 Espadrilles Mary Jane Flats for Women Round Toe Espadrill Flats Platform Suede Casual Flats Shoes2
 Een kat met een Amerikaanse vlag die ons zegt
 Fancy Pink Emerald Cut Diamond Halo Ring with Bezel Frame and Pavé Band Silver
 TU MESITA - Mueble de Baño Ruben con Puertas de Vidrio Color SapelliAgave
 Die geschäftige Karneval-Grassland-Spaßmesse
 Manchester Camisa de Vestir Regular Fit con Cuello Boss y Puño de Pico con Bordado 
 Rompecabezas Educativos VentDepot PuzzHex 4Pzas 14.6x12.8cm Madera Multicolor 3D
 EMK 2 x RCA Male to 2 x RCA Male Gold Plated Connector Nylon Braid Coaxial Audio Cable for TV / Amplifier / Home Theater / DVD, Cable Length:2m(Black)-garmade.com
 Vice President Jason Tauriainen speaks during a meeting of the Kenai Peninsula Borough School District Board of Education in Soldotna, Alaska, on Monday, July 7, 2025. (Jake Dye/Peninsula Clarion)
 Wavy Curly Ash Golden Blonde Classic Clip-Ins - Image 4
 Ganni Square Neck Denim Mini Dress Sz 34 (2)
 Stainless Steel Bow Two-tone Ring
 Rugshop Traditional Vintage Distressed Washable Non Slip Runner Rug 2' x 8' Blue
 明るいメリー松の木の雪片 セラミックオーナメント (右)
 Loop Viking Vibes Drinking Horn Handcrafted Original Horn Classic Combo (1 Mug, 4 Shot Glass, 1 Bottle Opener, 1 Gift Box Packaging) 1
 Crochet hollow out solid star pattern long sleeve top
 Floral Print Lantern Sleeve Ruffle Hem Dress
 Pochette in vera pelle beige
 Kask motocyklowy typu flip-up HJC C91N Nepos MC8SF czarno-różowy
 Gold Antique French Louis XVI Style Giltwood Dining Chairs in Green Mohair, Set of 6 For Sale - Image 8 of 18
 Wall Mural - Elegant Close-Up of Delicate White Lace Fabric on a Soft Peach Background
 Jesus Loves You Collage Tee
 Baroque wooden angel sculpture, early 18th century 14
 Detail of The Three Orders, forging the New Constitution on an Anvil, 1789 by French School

☆ ☆ ☆ ☆ ☆

PROBLEM DESCRIPTION: Scan the data above; copy every line where "Dress" appears.

RESULT OF THE EXERCISE:
 Ganni Square Neck Denim Mini Dress Sz 34 (2)
 Floral Print Lantern Sleeve Ruffle Hem Dress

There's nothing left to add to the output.